L’obiettivo è raggiungere un’intesa di massima con ArcelorMittal entro il 31 gennaio. Il termine non è perentorio, ma ha un obiettivo ben preciso: evitare il 7 febbraio un nuovo rinvio nella causa civile in corso al tribunale di Milano. Un ulteriore proroga, la terza da novembre, farebbe perdere al ricorso dei commissari straordinari di Ilva in Amministrazione Straordinaria quel carattere di urgenza col quale fu presentato e appoggiato dal governo per evitare l’addio della multinazionale.
Per questo la scorsa notte il premier Conte ha convocato a Palazzo Chigi un incontro per fare il punto della situazione, a margine del Consiglio dei Ministri. Presenti i titolari dei dicasteri del Mef Gualtieri, dello Sviluppo economico Patuanelli e del Sud Provenzano, oltre al consulente del governo Caio.
Sul tavolo i nodi principali ancora irrisolti di una trattativa tutt’altro che in discesa, che dovrebbe portare ad una sintesi delle due proposte di piano industriale. Il governo pensa «ad un piano ambizioso che porterà ad una transizione energetica importante. Ci crediamo e stiamo lavorando tutti i giorni per questo», ha ribadito ieri Conte. L’idea è trasformare il ciclo integrale dell’ex Ilva di Taranto in uno ibrido, con l’innesto di due forni elettrici a supporto di due altoforni. Una tecnologia che ArcelorMittal non possiede.
Per questo, a farsi carico dell’acquisto dei forni e dell’impianto che produrrebbe il preridotto con cui alimentarli (che costerebbe 950 milioni), sarà lo Stato, attraverso l’ingresso di Invitalia nel capitale sociale di Am InvestCo Italy, società con cui ArcelorMittal controlla i rami d’azienda dell’ex Ilva. Con quale percentuale e quali modalità non è ancora chiaro, visto che Conte ha dichiarato che «non sarà una nazionalizzazione», mentre Gualtieri ha confermato che «la maggioranza resterà al privato». Peraltro l’esecutivo vorrebbe nel capitale sociale anche le banche, che attendono la restituzione dei prestiti elargiti all’amministrazione straordinaria in passato. Da restituire tramite il prezzo di acquisto di 1,8 miliardi, sul quale la multinazionale ha chiesto uno sconto.
Altro nodo, gli esuberi. Il nuovo piano industriale della multinazionale ne prevede 5mila. Con la possibilità di scendere a 3mila. Esuberi strutturali e non contingentati al momento di crisi dell’azienda.

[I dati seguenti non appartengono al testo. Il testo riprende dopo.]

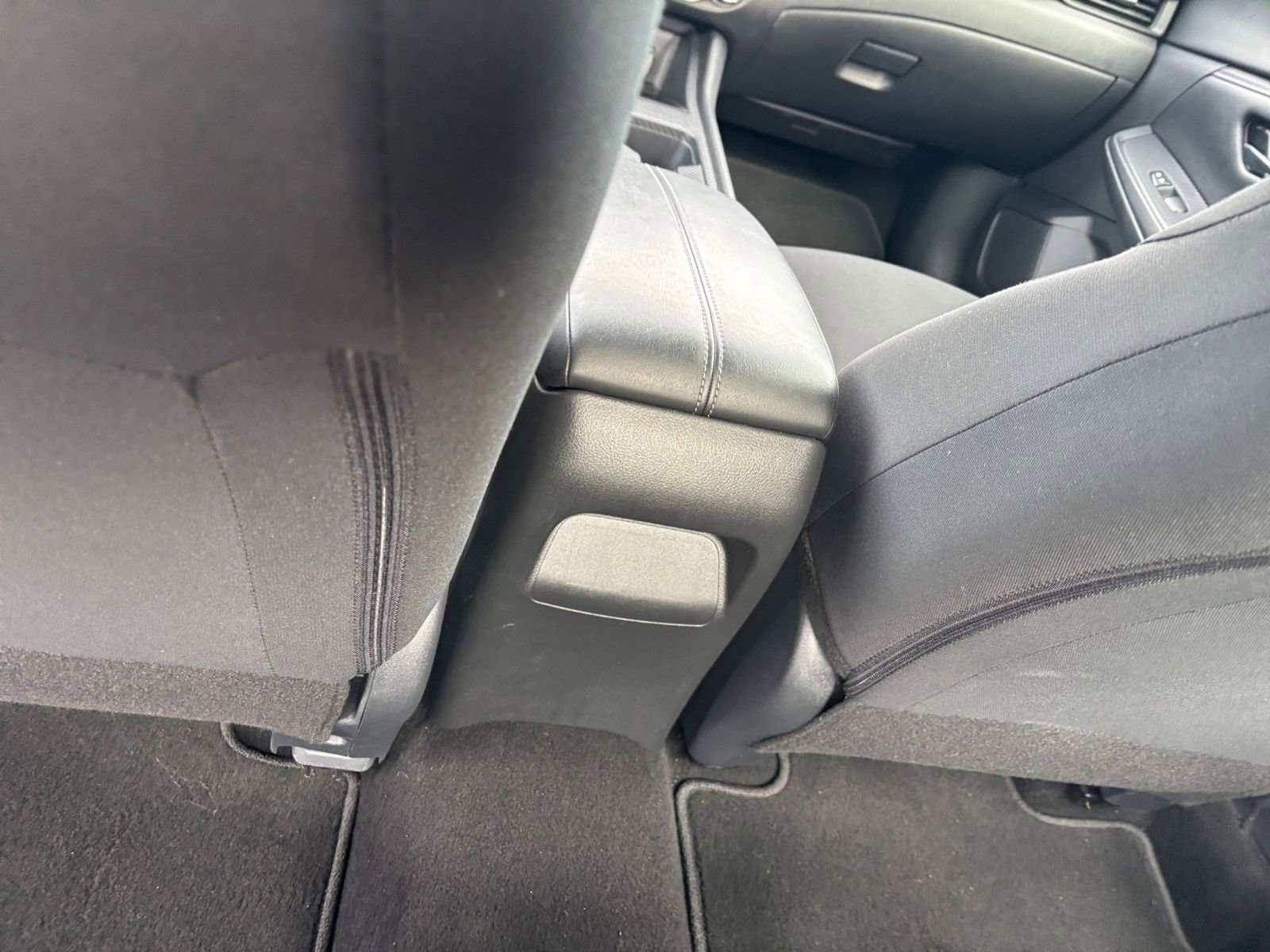 Thumbnail: 2025 Nissan Sentra - 24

Il piano del governo ne prevede 1.500, da riassorbire entro il 2023. Senza contare i 1.600 in cig nel perimetro di Ilva e che secondo l’accordo sindacale del 2018 avrebbero dovuto ricevere un’offerta di lavoro da Mittal entro il 2025. Ma anche qualora governo e azienda trovassero un accordo, è certo che i sindacati faranno muro.
Terza ed ultima questione, il ripristino delle tutele legali. Difficile ipotizzare in una settimana un’intesa di massima su questi delicati punti.
Intanto l’azienda ieri ha annunciato il cambio del management che affiancherà l’ad Morselli. Hanno lasciato gli incarichi tutti i manager stranieri delle prime linee, sostituiti da colleghi italiani. Scelta che per alcuni rappresenta l’ennesimo segnale di addio della multinazionale, mentre per altri è un atto semplificare i rapporti con governo e sindacati. Che restano tesi, come dimostrano i fischi che ieri l’ad Morselli ha ricevuto a Genova dagli operai durante la cerimonia per il 41esimo anniversario della morte di Guido Rossa, l’operaio ucciso dalle Br.